Benevento

Oggi si riprende a correre e a sudare (ore 17). Ci sarà un giallorosso in più all'Antistadio, Gianluca Lapadula, in attesa che arrivi anche l'altro Gianluca, l'ex doriano Caprari (mancheranno Glik e Ionita a disposizione delle proprie nazionali). L'organico si gonfia, non al punto però da sembrare ingestibile. E' la norma della lista degli over a costringere i dirigenti ad avere sempre a disposizione una calcolatrice. In fondo lo stesso Inzaghi ha detto qualche giorno fa che se fosse dipeso da lui ne avrebbe tenuti anche 40, evitando di dover mandare via elementi che lo scorso anno sono stati preziosi nelle strategie della squadra giallorossa. Ma ora, sul regolamento, c'è poco da obiettare: va rispettato ed è ovvio che tra un po' si cominci anche ad operare uno sfoltimento dell'attuale rosa. 

Il problema sono sempre quelli della liste degli over (nati cioè prima del primo gennaio '99): in questo momento il Benevento (dopo la definizione di Caprari) ne ha in rosa 24 (25 se si considera anche Iemmello al rientro da Perugia).

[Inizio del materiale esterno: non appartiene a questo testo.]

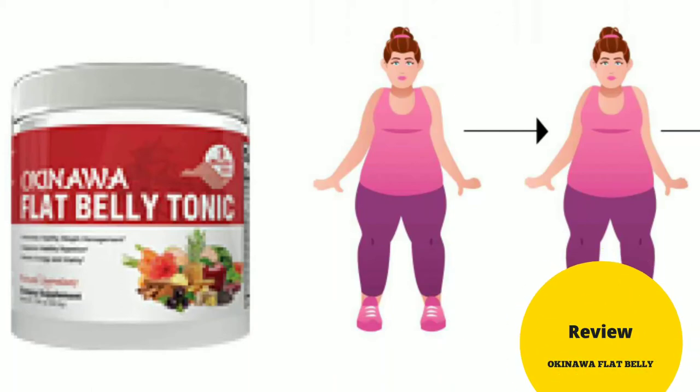Hey there, I'm Sarah and welcome to my Okinawa Flat Belly Tonic review. The Okinawa Flat Belly Tonic is a new one-of-a-kind weight loss tonic supplement. It helps men and women burn fat fast using a simple 20-second Japanese tonic.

Ricordiamo che dei portieri ne vanno conteggiati sempre due, un altro rimane momentaneamente fuori rosa e vi può rientrare ogni volta che serve.

Dunque 24 over vuole dire che si è già superati il limite di 3 unità, perchè ne sono consentiti 21 (17 “liberi”, 4 cresciuti in una qualsiasi squadra italiana). Ce ne sarebbero altri 4 potenzialmente disponibili, ma devono essere cresciuti nel vivaio della società e il Benevento non ne ha (a dire il vero anche le altre squadre sono molto sterili in quanto a elementi cresciuti nel proprio vivaio).

E' facile ipotizzare che la lista andrà ulteriormente a ingrossarsi: dovrebbe essere in arrivo dalla Fiorentina Bryan Dabo, un classe 92, dunque anch'esso over. E saliremmo a 25 con 4 esuberi.

E' evidente che l'impegno di Pasquale Foggia non è solo quello di sfoltire la lista degli over, ma anche di rimpolpare quella degli under. Un campionato come quello di serie A non si può fare con 22-23 elementi, devono essercene tanti di più (almeno 25-26), per cui il conteggio è più che semplice: oltre ai 21 over, bisognerà poter contare su almeno 5-6 under pronti a sfidare le difficoltà della massima serie. In questo momento, è risaputo, il Benevento ha fatto un solo acquisto in tal senso: l'esterno sinistro belga Foulon, classe 99. A lui si aggiugono quelli della cantera giallorossa, da Rillo a Pastina, da Basit a Sanogo, da Masella a Lucatelli, da Di Serio a Gentile, con quest'ultimo che potrebbe essere ceduto alla Fiorentina nell'affare Dabo. Tutti sotto esame da parte dello staff tecnico, perchè proprio dagli under piò arrivare una spinta considerevole. Basterebbe ricordare alcuni under in grado già di fare la differenza nelle squadre di A, da De Ligt (99) a Kulusevski ('00) della Juve, a Bastoni ('99), Agoumè ('02), Esposito ('02) dell'Inter, a Zaniolo ('99), Kluivert ('99), Calafiori ('02) della Roma, fino a Donnarumma ('99) e Tonali (00) del Milan. Insieme a tanti altri che sarebbe inutile nominare.

Si capisce che il lavoro da fare è ancora impegnativo e che servirà ancora un po' di tempo per avere un esatto quadro della situazione, ovvero della squadra che si tufferà nell'avventura della serie A.